11 But let us “not love the world, neither the things that are in the world. For the things that are in the world, are the lust of the flesh, and the lust of the eyes, and the pride of life.” These three are they: lest haply any man say, “The things that are in the world, God made: i.e. heaven and earth, the sea: the sun, the moon, the stars, all the garniture of the heavens. What is the garniture of the sea? All creeping things. What of the earth? animals, trees, flying creatures.
These are 'in the world,' God made them. Why then am I not to love what God has made?” Let the Spirit of God be in you, that you may see that all these things are good: but woe to you if you love the things made, and forsake the Maker of them! Fair are they to you: but how much fairer He that formed them! Mark well, beloved. For by similitudes you may be instructed: lest Satan steal upon you, saying what he is wont to say, Take your enjoyment in the creature of God; wherefore made He those things but for your enjoyment?

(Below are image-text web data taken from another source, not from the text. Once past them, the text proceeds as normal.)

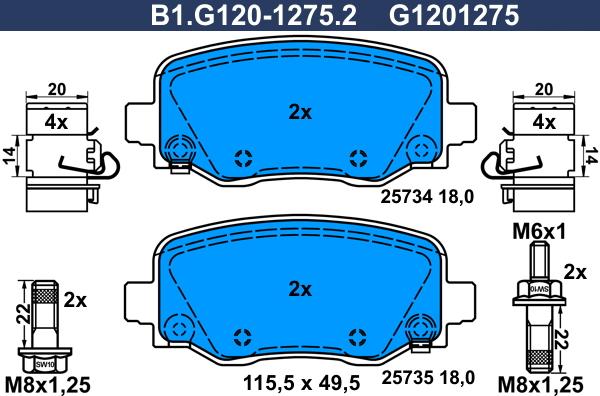 Galfer B1.G120-1275.2 - Гальмівні колодки, дискові гальма autocars.com.ua
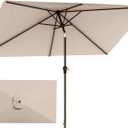 6.5'x10' Rectangular Patio Outdoor Umbrella,Large Coverage with Push-Button Tilt & UV Protection,Sturdy Ribs for Deck,Lawn,Pool,Backyard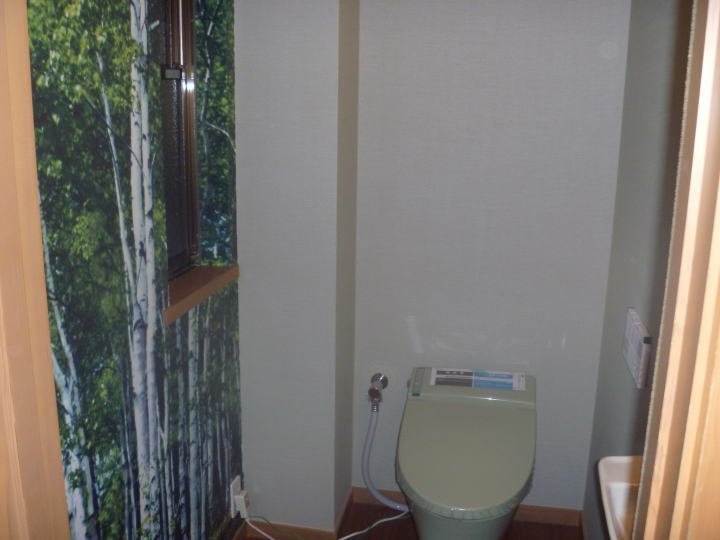写真壁紙クロス　落ち着くインテリアのトイレ　壁紙リフォームで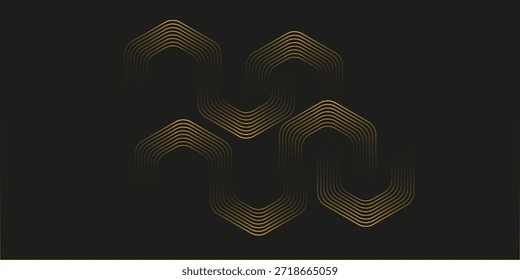 3D amarelo techno abstrato fundo sobrepor camada no espaço escuro com hexagons linhas efeito decoração elegante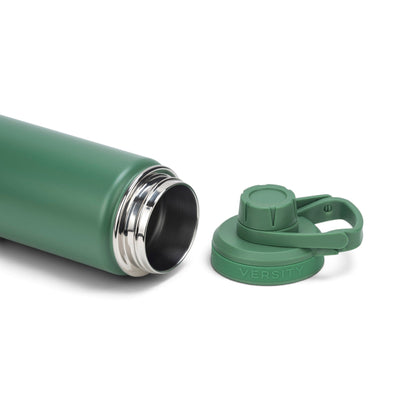 Garrafa Térmica Versity ColdKeeper 650 ml Verde, com a tampa aberta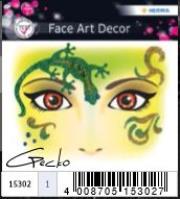 Opakowanie NAKLEJKI DO ZDOBIENIA TWARZY JASZCZURKA 15302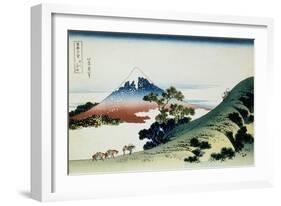 36 Views of Mount Fuji, no. 9: Inume Pass in the Kai Province-Katsushika Hokusai-Framed Giclee Print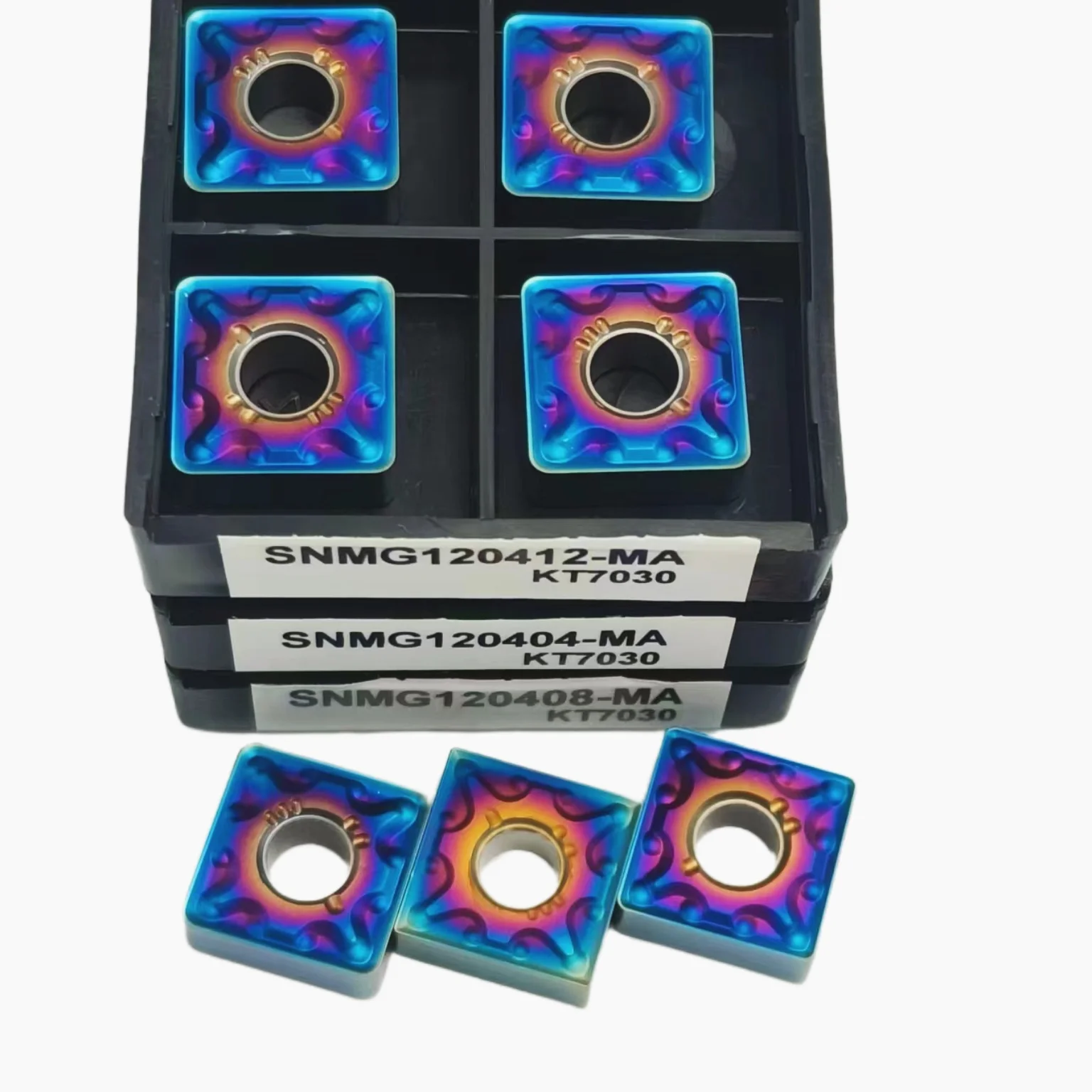 Inserção de carboneto azul nano, torneamento cilíndrico metálico, Ferramenta de torno CNC, Corte SNMG, SNMG120404 SNMG120408 SNMG120412 MA KT7030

And men drink themselves drunken, and perish, and forget their own Creator: while not temperately but lustfully they use the things created, the Creator is despised. Of such says the apostle: “They worshipped and served the creature rather than the Creator, Who is blessed for ever.” God does not forbid you to love these things, howbeit, not to set your affections upon them for blessedness, but to approve and praise them to this end, that you may love your Creator. In the same manner, my brethren, as if a bridegroom should make a ring for his bride, and she having received the ring, should love it more than she loves the bridegroom who made the ring for her: would not her soul be found guilty of adultery in the very gift of the bridegroom, albeit she did but love what the bridegroom gave her?
By all means let her love what the bridegroom gave: yet should she say, “This ring is enough for me, I do not wish to see his face now:” what sort of woman would she be? Who would not detest such folly? Who not pronounce her guilty of an adulterous mind? You love gold in place of the man, lovest a ring in place of the bridegroom: if this be in you, that you love a ring in place of your bridegroom, and hast no wish to see your bridegroom; that he has given you an earnest, serves not to pledge you to him, but to turn away your heart from him!
For this the bridegroom gives earnest, that in his earnest he may himself be loved. Well then, God gave you all these things: love Him that made them. There is more that He would fain give you, that is, His very Self that made these things. But if you love these— what though God made them— and neglect the Creator and love the world; shall not your love be accounted adulterous?